Ao logo de seu crescimento, o garoto passa por diversos locais, sendo constantemente renegado e não conhecendo, de fato, um lar. À medida que o autor desenvolve o personagem, percebemos os fatores que levam a esta rejeição. Primeiramente, é possível dizer que ele é insaciável ao se alimentar, custando muito às amas de leite, que precisam se dedicar somente a ele em vez de amamentar outras crianças. Além disso, há o fator determinante para tal rejeição, para a estranheza que causa e até para o medo que ele promove: o menino não tem cheiro. Nada! Ele simplesmente não exala nenhum aroma, seja agradável, neutro ou fétido! Mas se, por um lado, Grenouille não possui nenhuma essência, por outro, ele foi agraciado com o mais apurado dos olfatos, sendo capaz de distinguir cheiros a milhas e milhas de distância e de identificar as notas de cada perfume.
Certa noite, quando ainda é muito jovem, Grenouille se sente altamente inebriado pelo cheiro de uma jovem ruiva. Desesperado para captar aquele aroma para si e sem experiência alguma de como conservá-lo, ele a mata e absorve tal essência. Porém, para a sua infelicidade, o maravilhoso perfume se esvai à medida que o corpo da jovem esfria, o que faz com o que tal fragrância se perca para todo o sempre. Decepcionado com a perda, o rapaz decide aprender os manejos de um perfumista, de modo que possa captar essências e guardá-las para si (aqui, percebe-se que a insaciabilidade que o garoto tinha quando menor, mudou seu objeto de interesse do alimento para os perfumes).
E é assim que Grenouille se dirige ao renomado perfumista Baldini para aprender todas as suas técnicas. Mas é claro que, com um nariz superdotado como o do jovem, o profissional se aproveita disso para explorar o garoto, que sequer se importa com isso. Percebe-se aqui um jovem frio e calculista, que foca apenas em seus objetivos e manipula as pessoas ao seu redor para conseguir alcançá-los.

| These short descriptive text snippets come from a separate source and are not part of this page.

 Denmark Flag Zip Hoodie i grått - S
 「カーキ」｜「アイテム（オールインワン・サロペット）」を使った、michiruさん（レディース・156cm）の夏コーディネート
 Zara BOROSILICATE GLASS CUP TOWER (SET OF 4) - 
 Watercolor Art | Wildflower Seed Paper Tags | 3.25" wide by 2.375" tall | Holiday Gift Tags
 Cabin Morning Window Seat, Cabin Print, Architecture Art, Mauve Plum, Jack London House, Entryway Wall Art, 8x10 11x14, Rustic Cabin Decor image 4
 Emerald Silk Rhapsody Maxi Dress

A escrita de Patrick Süskind nesta obra é extremamente envolvente. Desde as primeiras páginas já ficamos presos à história, à narrativa de da vida de Grenouille e à ambientação francesa impressa pelo autor. Posso afirmar que a descrição dos odores que permeavam a França do século XVIII é tão bem feita que ler este livro se torna uma experiência sinestésica: é como se estivéssemos ali, sentindo tudo o que está escrito nas páginas e constatando que a população francesa realmente fedia e vivia na miséria!
Sobre o protagonista, creio que seja um personagem bastante complexo. Com todas as condições desfavoráveis para seu nascimento e crescimento, senti pena do garoto durante a leitura inicial (mesmo sabendo que ele se tornaria um assassino, tal qual o título da obra revela). E, à medida que o rapaz se esforçava para atingir os objetivos, foi inegável o sentimento de curiosidade para descobrir os métodos que ele usaria. Eu mesma não me importava com as vidas de suas vítimas, mas queria saber se o rapaz concluiria seus planos!

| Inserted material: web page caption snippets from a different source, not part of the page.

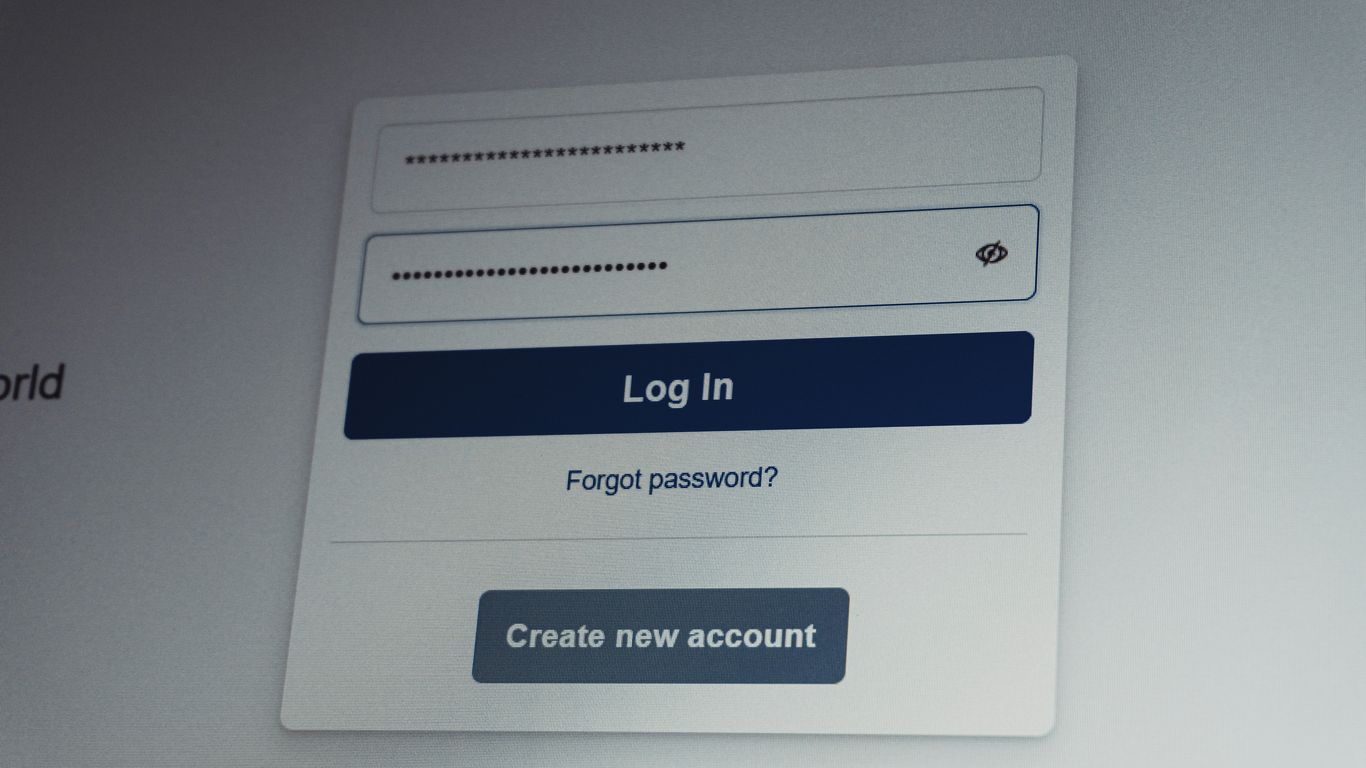 Facebook login screen with username and password fields.
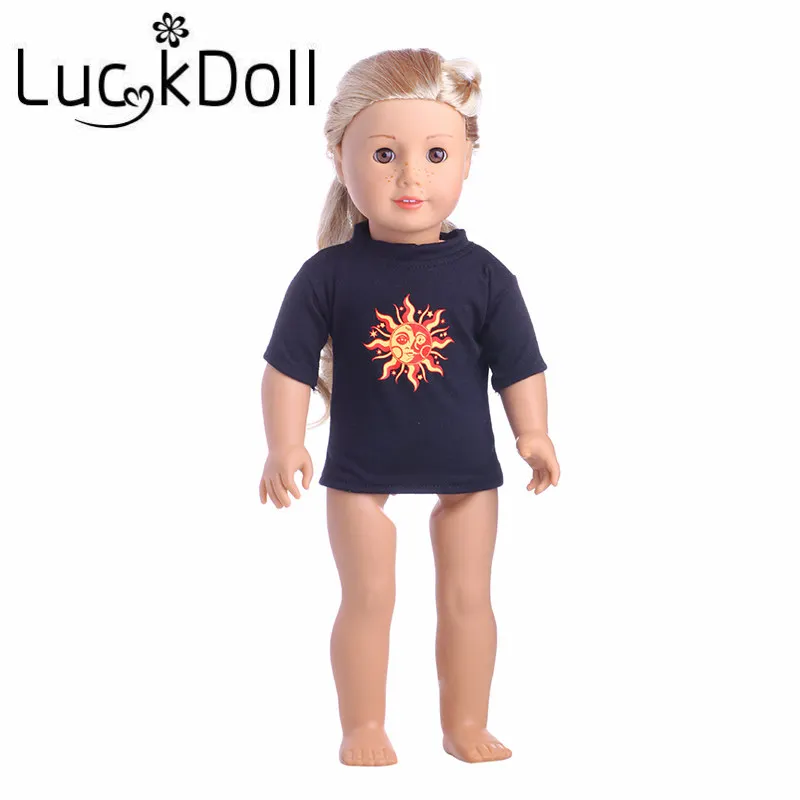 Однотонные футболки LUCKDOLL с принтом подходит для 18 дюймовых американских кукол 43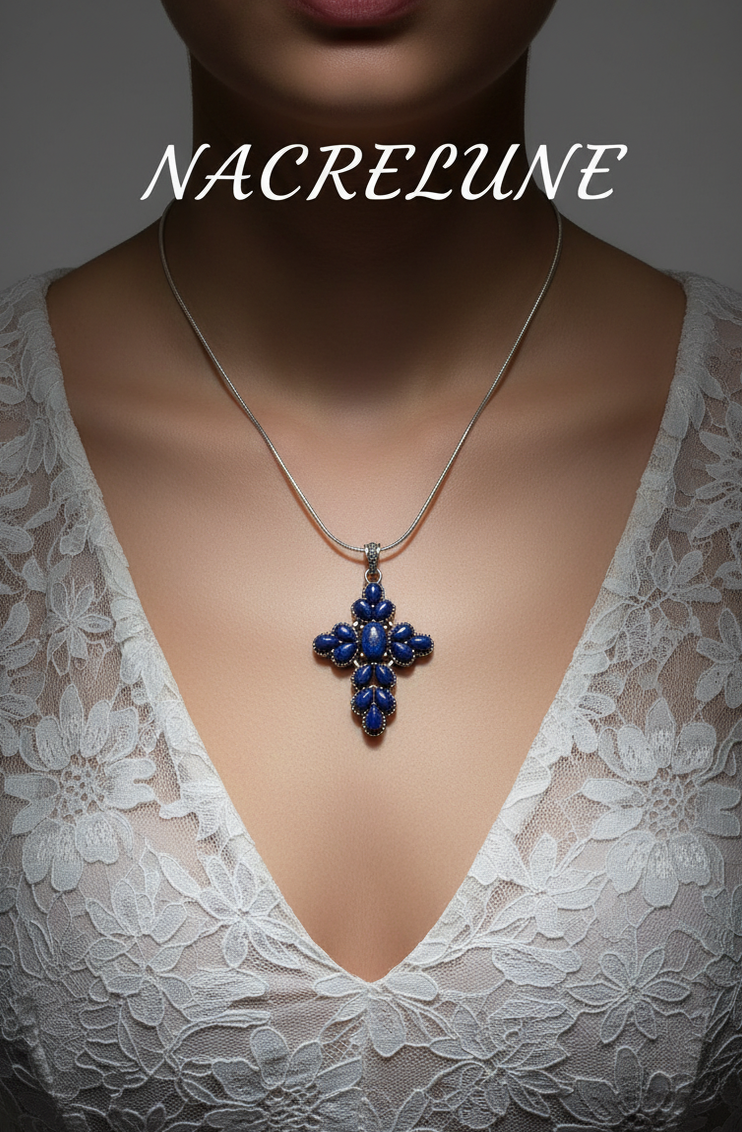Croix en argent sterling et lapis-lazuli | NACRELUNE NACRELUNE pendentif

Quanto ao fim da obra, só posso dizer que é bastante inusitado e levemente confuso. De cara pensei que era surreal demais, que não fazia sentido. Mas, tratando-se de um livro que aborda um personagem de olfato super dotado e que absorve a essência corporal de donzelas para fabricar perfume, por que eu deveria estar buscando sentido ou verossimilhança?
No mais, gostei muito do livro, mas tirei uma estrela devido a algumas passagens mais monótonas que se dão após os 50% da leitura.